(Web page caption snippets)

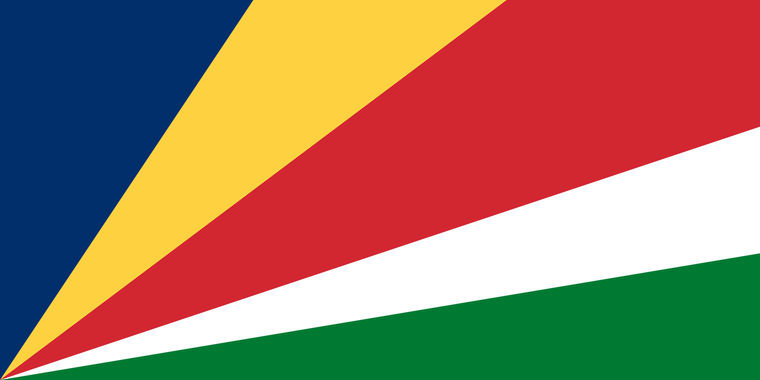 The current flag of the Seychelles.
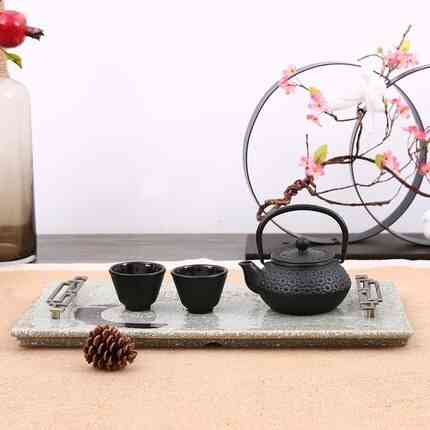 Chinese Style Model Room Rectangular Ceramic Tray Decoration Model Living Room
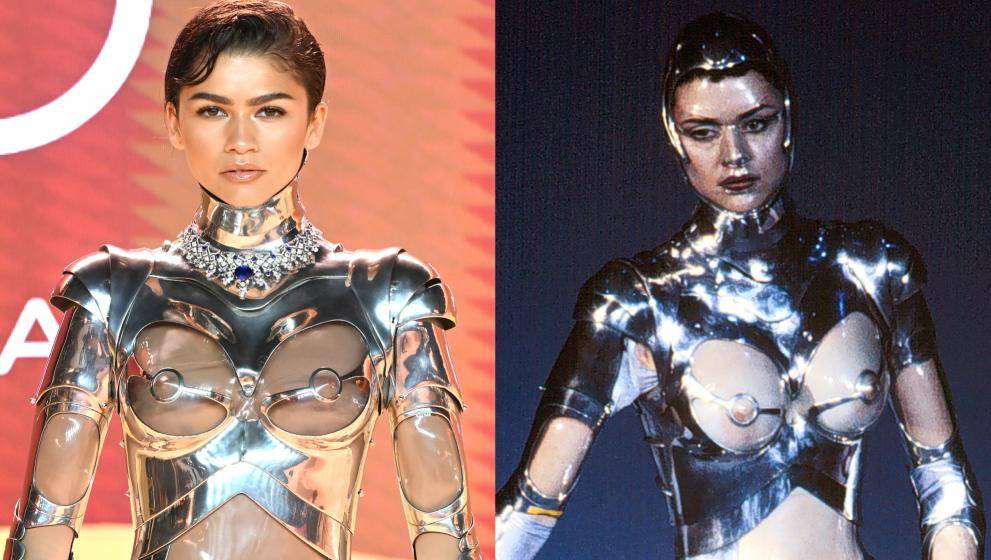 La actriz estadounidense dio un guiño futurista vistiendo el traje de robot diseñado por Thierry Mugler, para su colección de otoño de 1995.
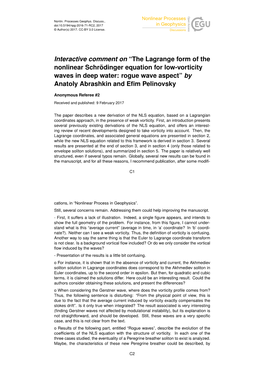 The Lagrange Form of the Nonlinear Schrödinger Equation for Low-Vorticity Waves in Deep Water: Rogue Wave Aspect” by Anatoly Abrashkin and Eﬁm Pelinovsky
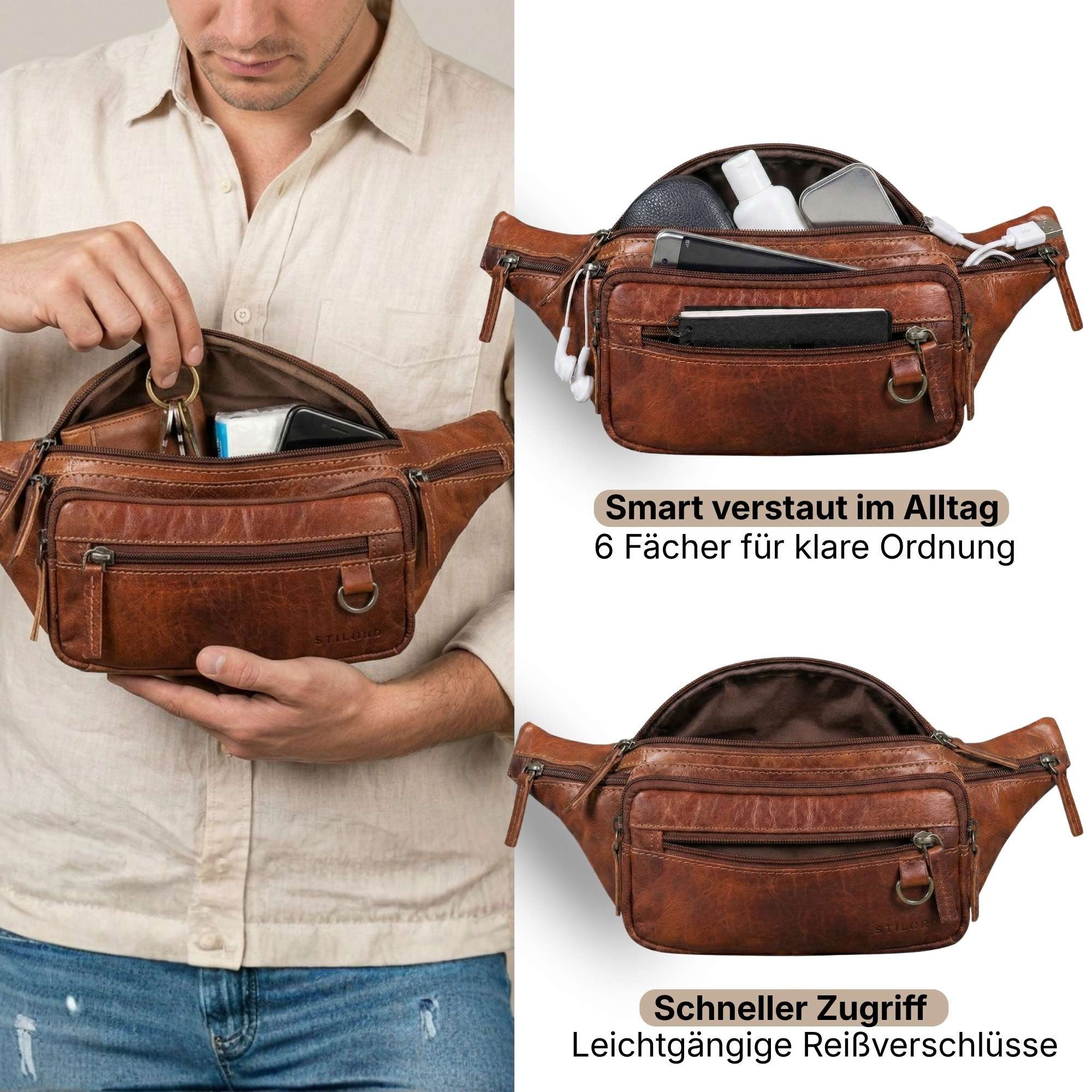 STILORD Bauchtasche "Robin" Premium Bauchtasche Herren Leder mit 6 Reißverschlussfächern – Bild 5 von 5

* [ACTION ITEM]: Start with the line holding "La actriz estadounidense" and repeat exactly every line through the final line of the records above, but no pictures and nothing more.

* [REPLY]:
 La actriz estadounidense dio un guiño futurista vistiendo el traje de robot diseñado por Thierry Mugler, para su colección de otoño de 1995.
 The Lagrange Form of the Nonlinear Schrödinger Equation for Low-Vorticity Waves in Deep Water: Rogue Wave Aspect” by Anatoly Abrashkin and Eﬁm Pelinovsky
 STILORD Bauchtasche "Robin" Premium Bauchtasche Herren Leder mit 6 Reißverschlussfächern – Bild 5 von 5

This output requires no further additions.